- _Dataset extract_
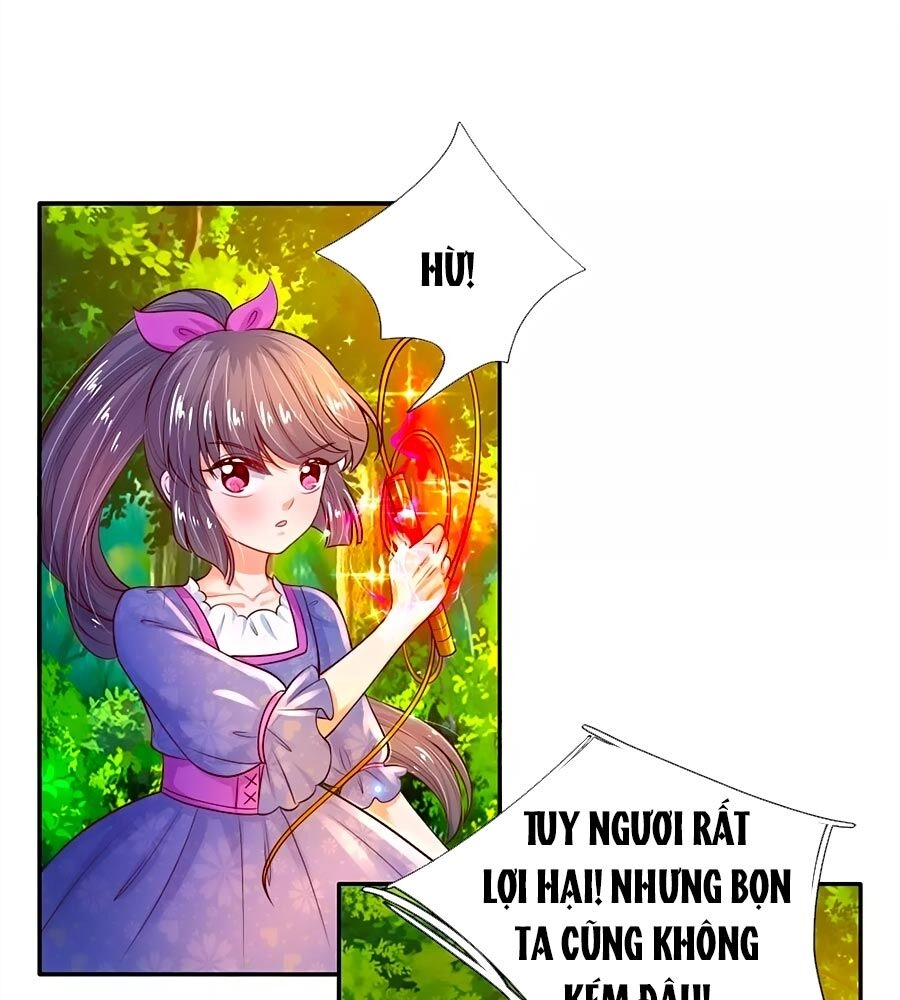 Bỗng Một Ngày Trở Thành Con Gái Nhà Vua Chapter 201 - 17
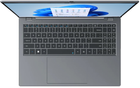 Laptop Chuwi GemiBook Plus (6935768762010) Gray - obraz 3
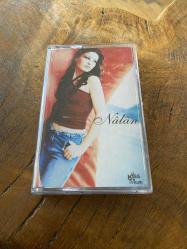 NALAN - SÖK KALBİNİ - KASET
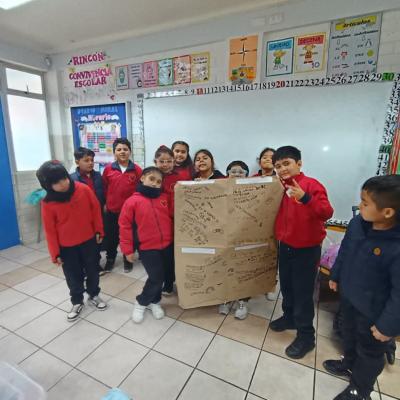 Jornada Presentes Contra La Violencia 13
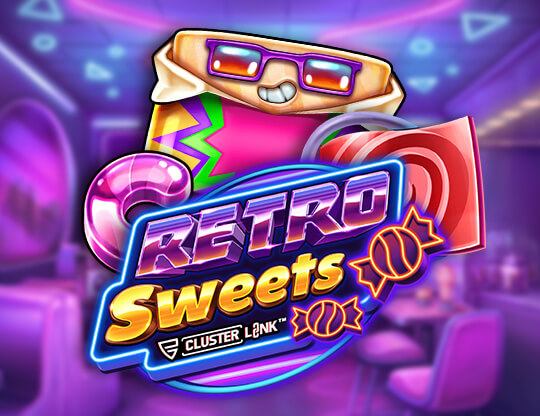 Retro Sweets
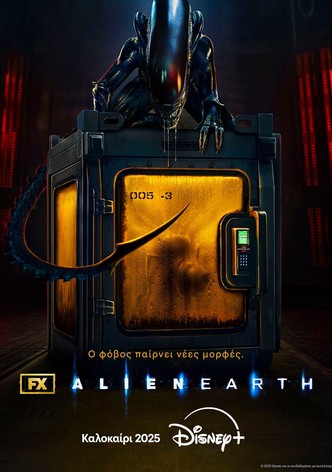 Alien: Earth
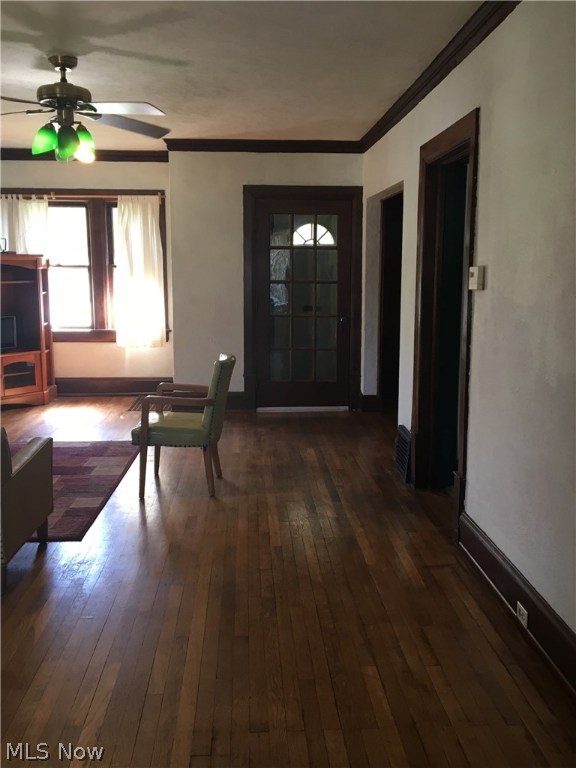 Morningside Allotment - Residential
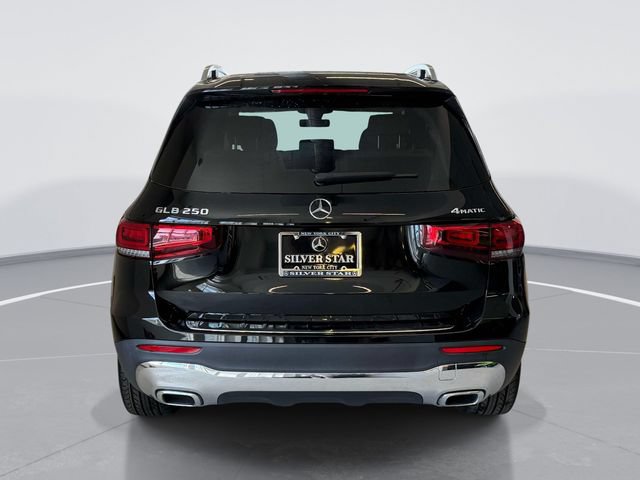 Certified 2023 Mercedes-Benz GLB 250 4MATIC image 5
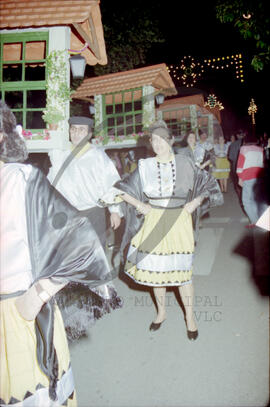 Marchas de Santo António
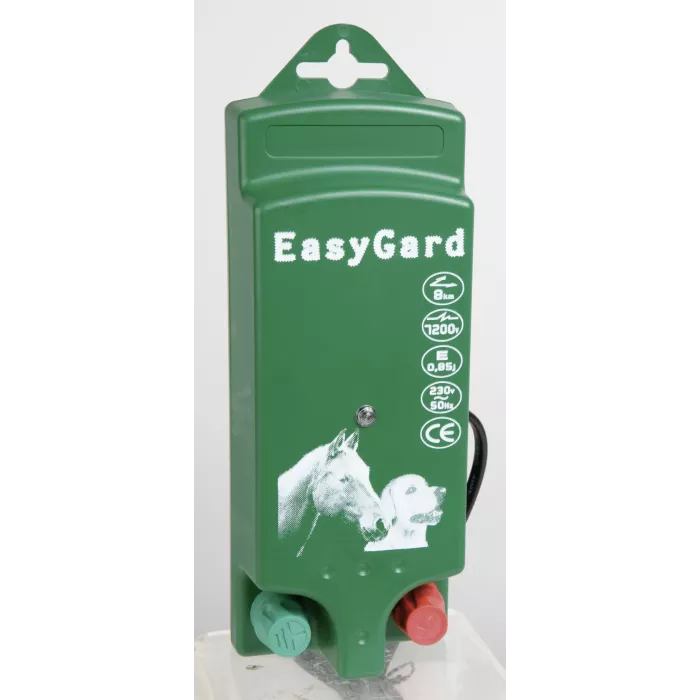 Chapron Lemenager EASYCLOT - Electrificateur secteur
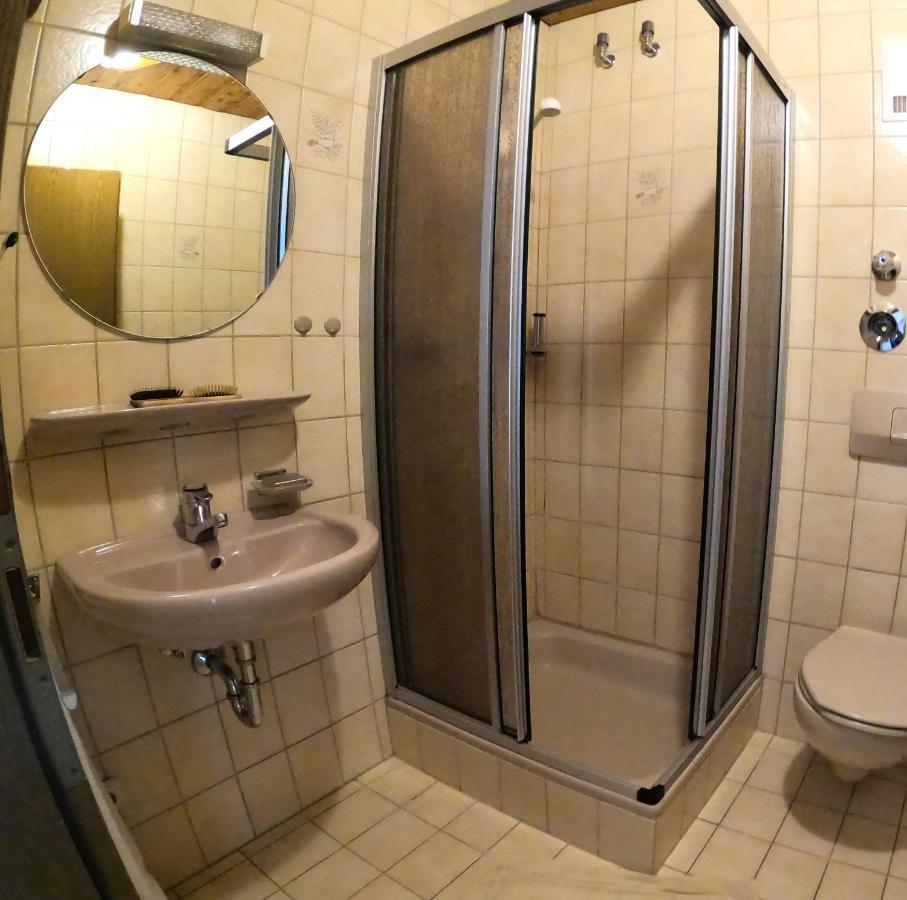 Weinfeldhof Appartement Berchtesgaden
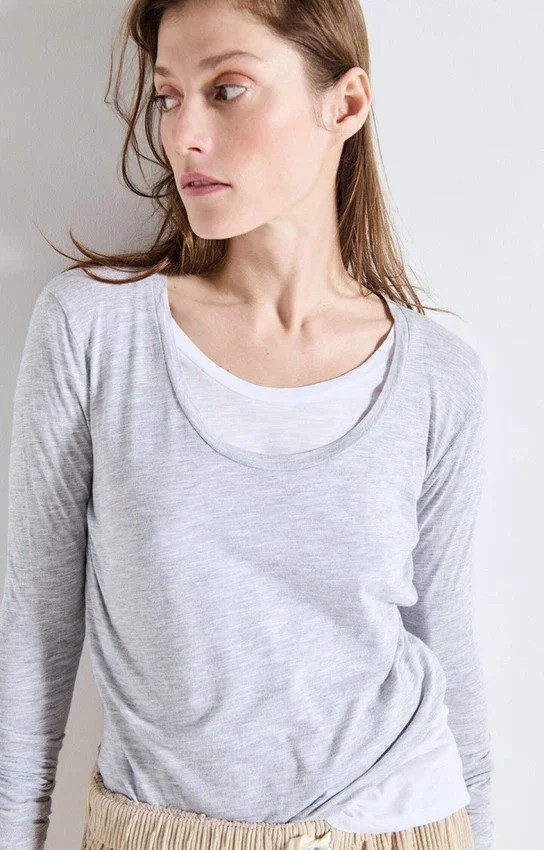 Women's t-shirt Jacksonville Reference: JAC49H26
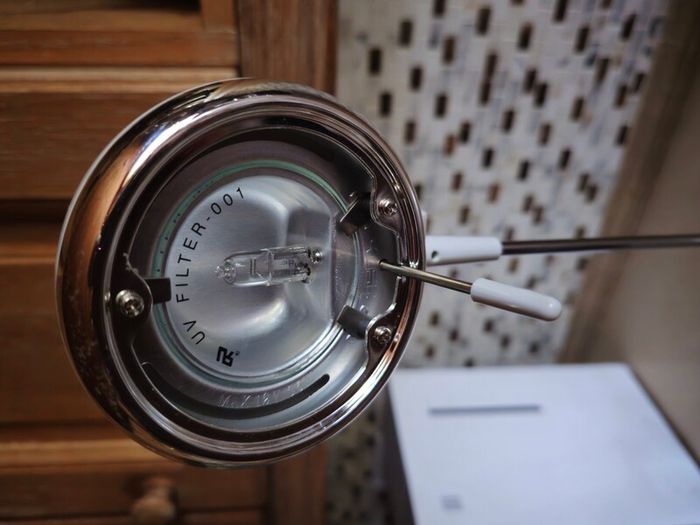 Vintage/Retro -adjustable desk Table Lamp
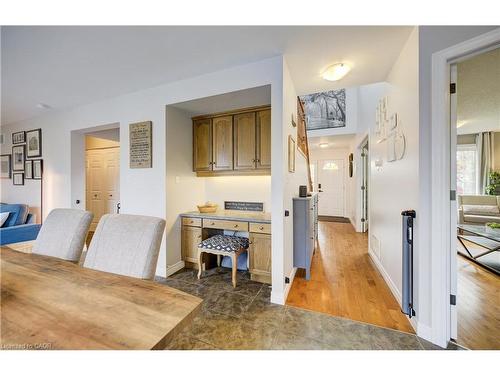 213 Falcon Drive, Woodstock, ON - Indoor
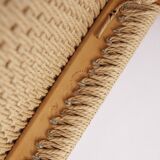 Set 4 chairs model 77 by Niels Møller Chairs 1950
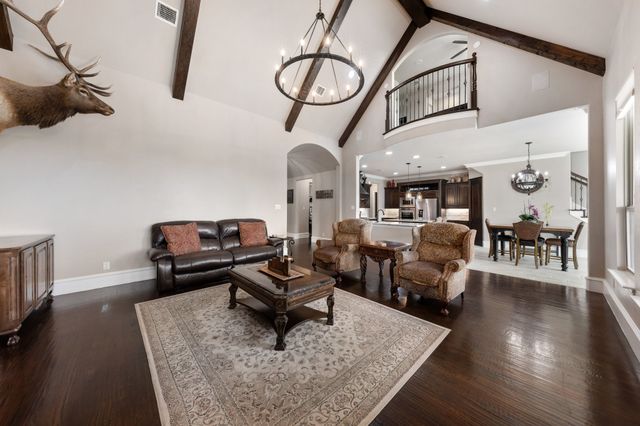 1000 Cliff Creek Drive, Prosper, TX 75078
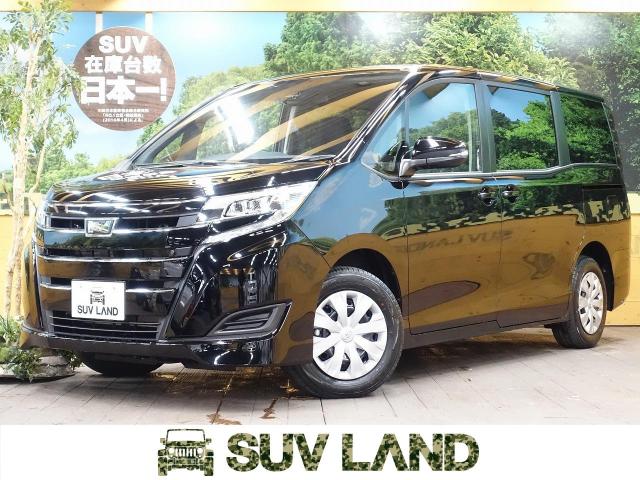トヨタ ノア ｘ 10km 千葉県 363 の中古車詳細 千葉県のｓｕｖ ｌａｎｄ 千葉 新車 中古車の ネクステージ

- _Task requirements_
Could you copy, exactly and with no pictures, each line from the first one above to the line holding "Marchas de Santo António"?

- _Exercise answer_
 Bỗng Một Ngày Trở Thành Con Gái Nhà Vua Chapter 201 - 17
 Laptop Chuwi GemiBook Plus (6935768762010) Gray - obraz 3
 NALAN - SÖK KALBİNİ - KASET
 Jornada Presentes Contra La Violencia 13
 Retro Sweets
 Alien: Earth
 Morningside Allotment - Residential
 Certified 2023 Mercedes-Benz GLB 250 4MATIC image 5
 Marchas de Santo António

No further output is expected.